• [TASK TO COMPLETE]: In the entries below, find the line with "Valentina Ferrer on" and the line with "Land Rover Range"; give again those lines and every line between them, exactly.

=== SUPPLIED RECORDS ===

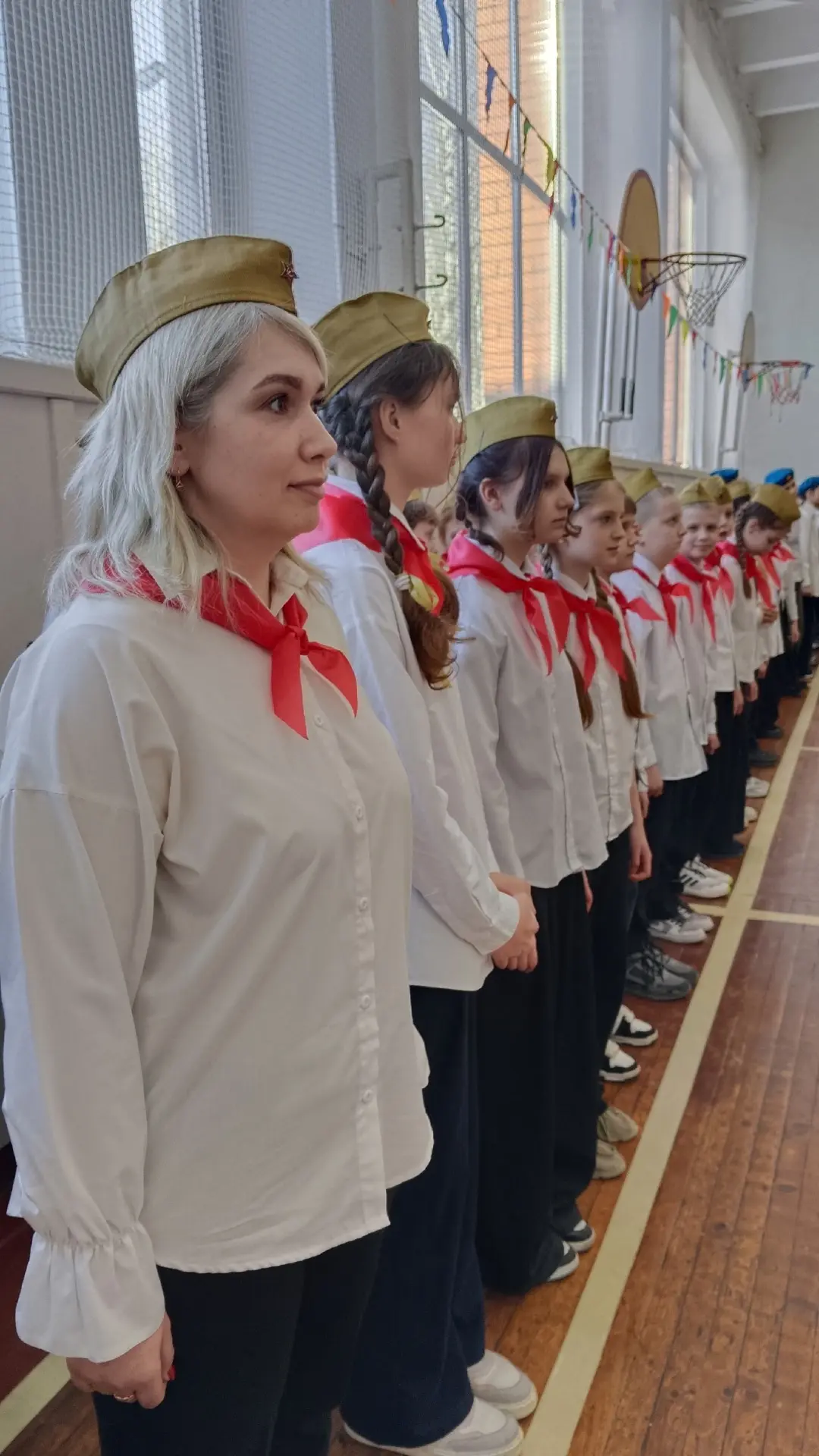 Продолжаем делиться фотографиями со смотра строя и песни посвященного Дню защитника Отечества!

===
=== SUPPLIED RECORDS ===

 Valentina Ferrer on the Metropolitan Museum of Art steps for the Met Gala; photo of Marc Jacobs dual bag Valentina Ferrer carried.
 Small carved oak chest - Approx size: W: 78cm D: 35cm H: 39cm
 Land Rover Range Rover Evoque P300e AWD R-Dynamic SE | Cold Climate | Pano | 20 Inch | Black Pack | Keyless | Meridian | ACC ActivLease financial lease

===

• [YOUR RESPONSE]:
 Valentina Ferrer on the Metropolitan Museum of Art steps for the Met Gala; photo of Marc Jacobs dual bag Valentina Ferrer carried.
 Small carved oak chest - Approx size: W: 78cm D: 35cm H: 39cm
 Land Rover Range Rover Evoque P300e AWD R-Dynamic SE | Cold Climate | Pano | 20 Inch | Black Pack | Keyless | Meridian | ACC ActivLease financial lease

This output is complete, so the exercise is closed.